What are your thoughts on Ed Solomon as a director?
I think that if he wants to continue to direct, I think that he'll turn into one of the good ones because he has this learning ability. He's in learning mode and [catching] on to what it takes to direct. The danger in being a writer/director is coming together with other people with other ideas and trying to impose that on them. You don't want a writer on the set. You've written it, we read it, we get it. You have to go away because what I get, you might not have ever have seen while you were creating [the script], and I need the latitude to perform it. Sometimes it's hard to do that with writers. Some writer/directors, particularly the one's with some mileage, get it and so they banish the writer. Others don't, you just manage to accommodate one another's needs.

Are you going to make more Alex Cross movies?
Oh yeah, yeah. I think that we probably have a couple in development right now. Definitely, we have script ideas in development right now.

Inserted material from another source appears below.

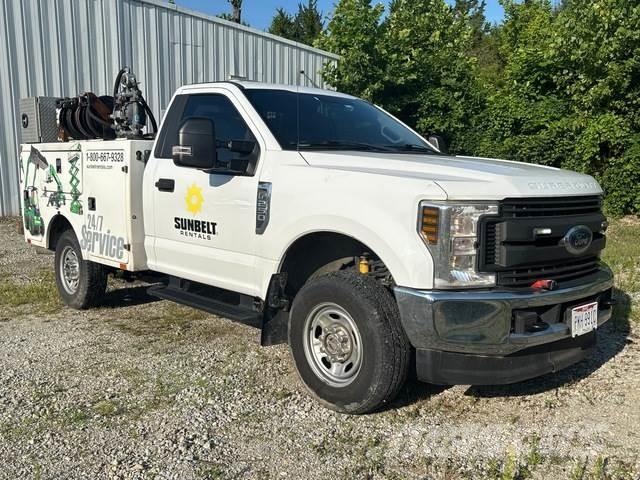 Ford F-250 مركبات الأغراض العامة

Isn't it taking a long time? It seems like there should be one a year.
It seems like [that], but it's a lot more difficult than that, and you don't want to. You don't want them to be too prolific. It's better to leave people wanting more than have them saying, "Enough."

Will there be a follow-up to "Seven?"
There is no sequel to "Seven."

Do you get asked that sequel question a lot?
Oh yes, at every one of these [press junkets]. The answer is always the same. There is no sequel to "Seven" in any manner that I know about. If there is going to be a sequel to "Seven" and I'm supposed to be involved, then it would seem to me that I would know about it.

In "Bruce Almighty" you play God. What's it like to play that role?
It's no different than if I was acting as some Colonel in some military operation. It's no different than acting anything. You're pretending to be something you're not, no different. If it's on the page, it's easy to do.

What does having a star on the Walk of Fame mean to you?
How to quantify that? I was asked by someone on the day of, and he said, "You've probably been waiting all of your life for this." I said, "Truthfully, no. This isn't something that you wait for. This is a gift." Having a star on the Walk of Fame, it's one of those acknowledgements that you are where you belong. "Welcome to the Pantheon, people have gotten here and stayed a minute longer than fifteen." [Laughing] It feels good, it feels very good.